火星での初飛行に向けて準備が進められているNASA(アメリカ航空宇宙局)の火星ヘリコプター「インジェニュイティ(Ingenuity)」について、火星の寒冷な夜を自力で生き延びることができたとNASAから発表されました。画像は火星探査車パーサヴィアランスのナビゲーションカメラ(Navcam)で2021年4月5日に撮影されたインジェニュイティです。

インジェニュイティはパーサヴィアランスの車体下部に取り付けられて火星まで運ばれました。着陸地点のジェゼロ・クレーターでの最低気温はマイナス90℃まで下がる可能性があり、機器やバッテリーを損傷させる可能性があります。パーサヴィアランスに取り付けられている間は、探査車の電力によるヒーターによってヘリコプター内部の温度は約7℃に保たれていましたが、探査車から分離したのちは自らの電力で保温する必要がありました。

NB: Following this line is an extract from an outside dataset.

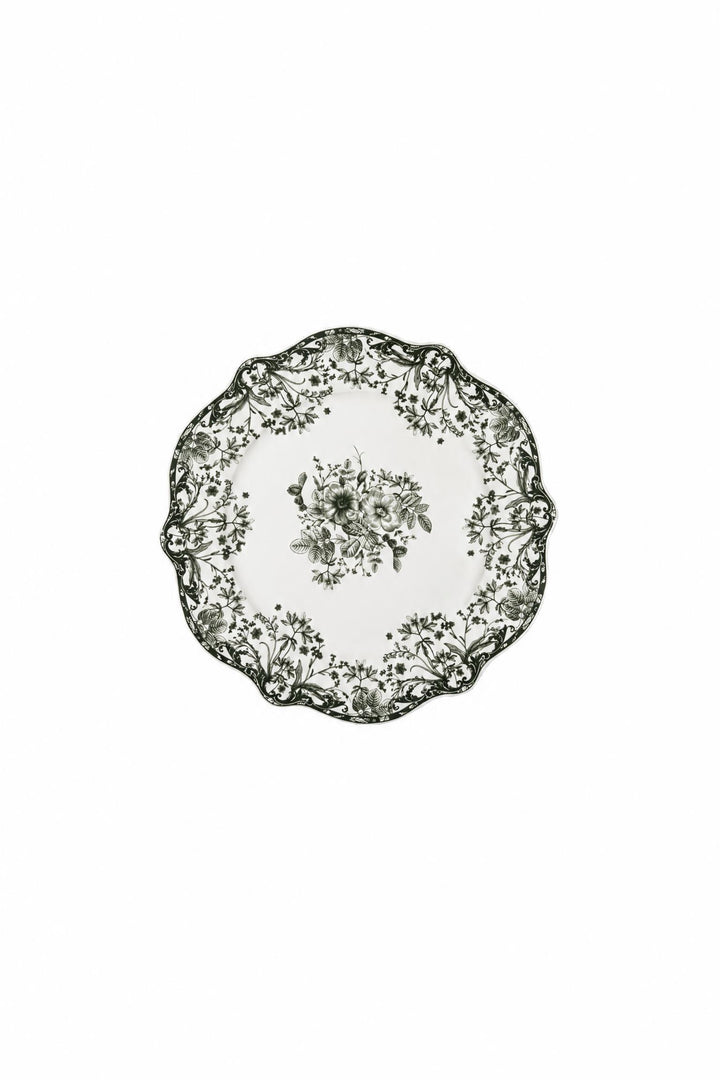 Piatto da dessert Reverie bianco con decoro verde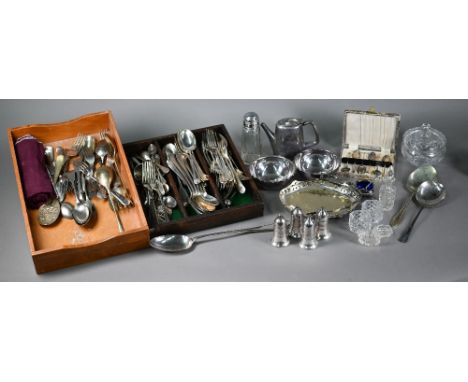 A part set of Hanoverian rat-tail flatware, Mappin &amp; Webb OEP stuffing spoon and other flatware and cutlery, tableware an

インジェニュイティのカメラで撮影された低解像度画像。まだパーサヴィアランスの下部に取り付けられていた2021年4月3日に撮影されたもので、探査車の車輪の一部と火星表面が映っています。飛行試験時にはより高解像度の画像が撮影される予定です。
インジェニュイティのカメラで撮影された低解像度画像。まだパーサヴィアランスの下部に取り付けられていた2021年4月3日に撮影されたもので、探査車の車輪の一部と火星表面が映っています。飛行試験時にはより高解像度の画像が撮影される予定です。

とはいえ探査車に接続されていた時ほどの電力はないため、温度はマイナス15℃を保つよう設定されており、その状態で火星の寒い夜を越えられるかどうかが重要な関門の一つとなっていました。初めての夜を無事に乗り越えたことで、NASAでは断熱材やヒーターの機能、そして十分な電力がバッテリーに蓄えられていることが確認されたとしています。

今後はモーターのテストやコンピューターのチェックなどを経て、早ければ4月11日に最初の飛行試験を行う予定になっています。